Second, Acting Secretary Dukes, according to the Times, "did not want her name on what she saw as anti-immigrant policy rationales put forth by Mr. Sessions." As a result, she did not offer any additional policy rationales to wind down DACA. Once again, President Trump was burned because he was unable to keep critical positions staffed. Some people argue that the President was unwilling to accept the policy implications of saying that DACA is a bad policy. I don't find this argument persuasive. Trump routinely blames his subordinates for things he ordered, and absolve any responsibility. (Recall how he blamed Barr for firing Berman). I don't think the average American knows, or cares, about the difference between saying (1) DACA is illegal, and (2) DACA is bad policy.

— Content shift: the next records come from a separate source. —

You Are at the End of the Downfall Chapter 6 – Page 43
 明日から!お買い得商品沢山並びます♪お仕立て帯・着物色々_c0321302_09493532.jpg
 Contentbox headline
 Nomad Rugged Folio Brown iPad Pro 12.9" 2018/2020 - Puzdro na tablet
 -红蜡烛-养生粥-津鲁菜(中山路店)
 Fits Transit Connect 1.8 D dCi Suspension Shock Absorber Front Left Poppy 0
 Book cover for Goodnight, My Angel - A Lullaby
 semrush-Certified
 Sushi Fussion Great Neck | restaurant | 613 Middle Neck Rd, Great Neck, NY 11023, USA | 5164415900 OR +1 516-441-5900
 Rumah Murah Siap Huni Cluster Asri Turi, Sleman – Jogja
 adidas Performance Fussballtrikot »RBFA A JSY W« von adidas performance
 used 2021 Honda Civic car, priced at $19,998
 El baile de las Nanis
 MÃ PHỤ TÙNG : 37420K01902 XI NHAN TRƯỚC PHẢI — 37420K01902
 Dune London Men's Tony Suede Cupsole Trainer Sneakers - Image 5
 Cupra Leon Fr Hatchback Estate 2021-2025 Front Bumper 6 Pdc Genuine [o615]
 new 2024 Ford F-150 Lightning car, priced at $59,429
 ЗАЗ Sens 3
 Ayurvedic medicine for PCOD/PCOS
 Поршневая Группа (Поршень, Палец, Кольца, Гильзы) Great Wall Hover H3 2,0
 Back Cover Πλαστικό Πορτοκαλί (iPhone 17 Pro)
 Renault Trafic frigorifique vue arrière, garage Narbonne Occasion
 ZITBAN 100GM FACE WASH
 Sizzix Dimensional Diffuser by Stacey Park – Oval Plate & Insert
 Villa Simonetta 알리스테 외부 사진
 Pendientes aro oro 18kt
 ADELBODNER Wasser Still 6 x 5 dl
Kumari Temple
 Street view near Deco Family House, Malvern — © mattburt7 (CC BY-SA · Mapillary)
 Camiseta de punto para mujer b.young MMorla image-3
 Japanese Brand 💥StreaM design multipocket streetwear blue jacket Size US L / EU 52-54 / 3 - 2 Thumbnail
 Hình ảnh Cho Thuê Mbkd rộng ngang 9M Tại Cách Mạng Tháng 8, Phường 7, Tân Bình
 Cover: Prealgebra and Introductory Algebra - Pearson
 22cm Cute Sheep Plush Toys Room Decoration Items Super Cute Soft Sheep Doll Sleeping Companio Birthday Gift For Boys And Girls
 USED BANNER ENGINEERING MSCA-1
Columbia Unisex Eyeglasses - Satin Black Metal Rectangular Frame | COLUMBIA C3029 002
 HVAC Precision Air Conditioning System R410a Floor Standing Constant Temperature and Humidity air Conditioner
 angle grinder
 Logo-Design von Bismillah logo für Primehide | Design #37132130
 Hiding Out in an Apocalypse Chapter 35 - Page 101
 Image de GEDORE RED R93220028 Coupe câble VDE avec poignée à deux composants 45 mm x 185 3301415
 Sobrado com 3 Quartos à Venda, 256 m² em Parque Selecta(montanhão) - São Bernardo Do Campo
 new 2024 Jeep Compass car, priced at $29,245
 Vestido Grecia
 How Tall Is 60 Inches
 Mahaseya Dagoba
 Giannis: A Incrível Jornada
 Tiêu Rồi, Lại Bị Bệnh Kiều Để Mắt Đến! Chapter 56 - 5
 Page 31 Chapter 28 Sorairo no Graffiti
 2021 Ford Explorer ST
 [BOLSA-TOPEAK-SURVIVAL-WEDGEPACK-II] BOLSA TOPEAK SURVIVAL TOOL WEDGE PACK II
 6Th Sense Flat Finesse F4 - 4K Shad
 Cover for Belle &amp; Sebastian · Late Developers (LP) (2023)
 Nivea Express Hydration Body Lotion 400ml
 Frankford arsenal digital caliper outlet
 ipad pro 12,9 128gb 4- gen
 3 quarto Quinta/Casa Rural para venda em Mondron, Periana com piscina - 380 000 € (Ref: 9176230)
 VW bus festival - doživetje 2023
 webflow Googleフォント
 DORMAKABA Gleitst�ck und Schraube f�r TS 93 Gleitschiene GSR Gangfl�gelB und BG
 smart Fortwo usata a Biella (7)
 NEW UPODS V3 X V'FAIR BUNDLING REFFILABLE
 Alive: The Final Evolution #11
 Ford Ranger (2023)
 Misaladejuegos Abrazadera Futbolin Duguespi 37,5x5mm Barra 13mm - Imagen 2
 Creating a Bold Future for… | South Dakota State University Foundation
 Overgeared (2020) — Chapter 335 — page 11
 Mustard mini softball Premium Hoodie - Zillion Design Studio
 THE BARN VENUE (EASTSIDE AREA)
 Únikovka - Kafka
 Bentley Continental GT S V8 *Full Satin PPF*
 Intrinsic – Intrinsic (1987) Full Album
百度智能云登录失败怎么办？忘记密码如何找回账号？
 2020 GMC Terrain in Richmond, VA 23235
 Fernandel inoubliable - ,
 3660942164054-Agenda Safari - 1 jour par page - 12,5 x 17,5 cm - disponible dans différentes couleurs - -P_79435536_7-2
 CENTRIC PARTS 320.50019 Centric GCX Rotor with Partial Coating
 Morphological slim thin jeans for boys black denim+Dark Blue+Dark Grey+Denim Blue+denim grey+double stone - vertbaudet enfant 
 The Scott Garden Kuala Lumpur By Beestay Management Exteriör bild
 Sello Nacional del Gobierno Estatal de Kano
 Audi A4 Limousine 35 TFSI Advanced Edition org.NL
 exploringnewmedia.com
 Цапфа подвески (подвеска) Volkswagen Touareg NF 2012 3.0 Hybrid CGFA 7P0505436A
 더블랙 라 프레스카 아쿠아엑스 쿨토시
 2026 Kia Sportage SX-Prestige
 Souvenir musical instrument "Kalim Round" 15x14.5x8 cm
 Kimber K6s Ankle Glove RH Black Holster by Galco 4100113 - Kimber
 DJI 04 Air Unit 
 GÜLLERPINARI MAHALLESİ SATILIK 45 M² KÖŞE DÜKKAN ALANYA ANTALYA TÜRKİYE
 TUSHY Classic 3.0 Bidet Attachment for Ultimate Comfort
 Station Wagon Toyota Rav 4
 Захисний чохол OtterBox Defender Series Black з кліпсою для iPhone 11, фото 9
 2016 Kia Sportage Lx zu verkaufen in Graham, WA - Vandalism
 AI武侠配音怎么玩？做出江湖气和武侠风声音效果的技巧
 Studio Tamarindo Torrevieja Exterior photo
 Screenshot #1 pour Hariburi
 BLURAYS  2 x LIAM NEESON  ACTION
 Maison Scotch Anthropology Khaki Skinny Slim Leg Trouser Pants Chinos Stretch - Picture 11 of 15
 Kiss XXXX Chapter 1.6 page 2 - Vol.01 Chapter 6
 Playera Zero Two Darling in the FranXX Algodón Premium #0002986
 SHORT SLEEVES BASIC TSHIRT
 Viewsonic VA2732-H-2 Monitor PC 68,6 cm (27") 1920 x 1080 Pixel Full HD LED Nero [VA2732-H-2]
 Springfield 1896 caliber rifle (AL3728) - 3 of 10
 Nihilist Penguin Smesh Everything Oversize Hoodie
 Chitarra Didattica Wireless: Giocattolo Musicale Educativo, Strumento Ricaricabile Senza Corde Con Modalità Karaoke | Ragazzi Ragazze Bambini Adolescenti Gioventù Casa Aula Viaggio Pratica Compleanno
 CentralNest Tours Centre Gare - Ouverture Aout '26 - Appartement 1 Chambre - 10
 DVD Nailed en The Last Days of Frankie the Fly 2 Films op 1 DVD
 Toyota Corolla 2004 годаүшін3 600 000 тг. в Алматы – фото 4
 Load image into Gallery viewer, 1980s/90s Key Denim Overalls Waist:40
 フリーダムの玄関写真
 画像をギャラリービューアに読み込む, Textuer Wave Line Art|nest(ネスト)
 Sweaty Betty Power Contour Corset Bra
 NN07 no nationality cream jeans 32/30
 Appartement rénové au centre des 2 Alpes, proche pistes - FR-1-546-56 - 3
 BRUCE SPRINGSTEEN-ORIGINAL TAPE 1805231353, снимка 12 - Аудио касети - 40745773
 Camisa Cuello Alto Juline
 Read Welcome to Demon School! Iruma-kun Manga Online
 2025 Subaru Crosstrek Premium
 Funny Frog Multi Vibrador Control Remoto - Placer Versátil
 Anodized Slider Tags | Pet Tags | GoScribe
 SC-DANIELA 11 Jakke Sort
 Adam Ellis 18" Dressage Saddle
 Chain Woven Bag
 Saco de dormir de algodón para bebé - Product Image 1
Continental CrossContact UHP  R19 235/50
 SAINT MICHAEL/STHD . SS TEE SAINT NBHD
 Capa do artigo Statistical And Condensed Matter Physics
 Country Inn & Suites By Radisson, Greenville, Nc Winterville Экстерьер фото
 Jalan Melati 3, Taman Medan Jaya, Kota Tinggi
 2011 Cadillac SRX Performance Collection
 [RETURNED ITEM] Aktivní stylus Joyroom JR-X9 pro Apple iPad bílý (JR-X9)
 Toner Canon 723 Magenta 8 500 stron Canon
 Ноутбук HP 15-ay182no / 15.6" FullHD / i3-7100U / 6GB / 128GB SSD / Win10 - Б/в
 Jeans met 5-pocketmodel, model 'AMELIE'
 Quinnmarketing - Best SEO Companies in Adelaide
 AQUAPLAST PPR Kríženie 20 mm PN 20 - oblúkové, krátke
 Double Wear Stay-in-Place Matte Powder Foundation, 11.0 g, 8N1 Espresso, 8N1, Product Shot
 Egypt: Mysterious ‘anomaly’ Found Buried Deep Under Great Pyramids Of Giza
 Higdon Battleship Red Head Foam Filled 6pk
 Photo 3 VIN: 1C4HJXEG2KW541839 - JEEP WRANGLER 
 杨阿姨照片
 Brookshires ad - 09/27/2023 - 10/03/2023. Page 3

Most people conflate the two elements. The problem here was Dukes, not Trump's cowardice.
Third, Judge Bates gave DHS a chance for a do-over. At the time, Secretary Nielsen wrote a new memo. DOJ argued that it merely reaffirmed by Dukes said. I thought it added new rationales. Ultimately, the Chief discarded it. (But Justice Kavanaugh found it dispositive). Why didn't the administration issue an unambiguous and robust defense of the rescission? I think the answer is timing. To issue a new policy would have brought the litigation back to square one. In hindsight, we now know that the rescission took up the entirety of Trump's term in office. But at the time, DOJ may have thought that SCOTUS would granted their petition for certiorari before judgment, and resolve this issue in 2018 or even 2019. Recall that DOJ had some success with emergency stays in the travel ban litigation. But the Supreme Court would not bail out the government. This issue stretched all the way to June 2020, without any clear resolution.
These three factors, I think, contribute to the government's defeat. There is nothing insidious. There was no bureaucratic "resistance." Rather, a combination of incompetence and institutional constraints yielded an inadequate agency action. In normal times, I think any other administration would have squared enough corners. But not with this administration during Blue June.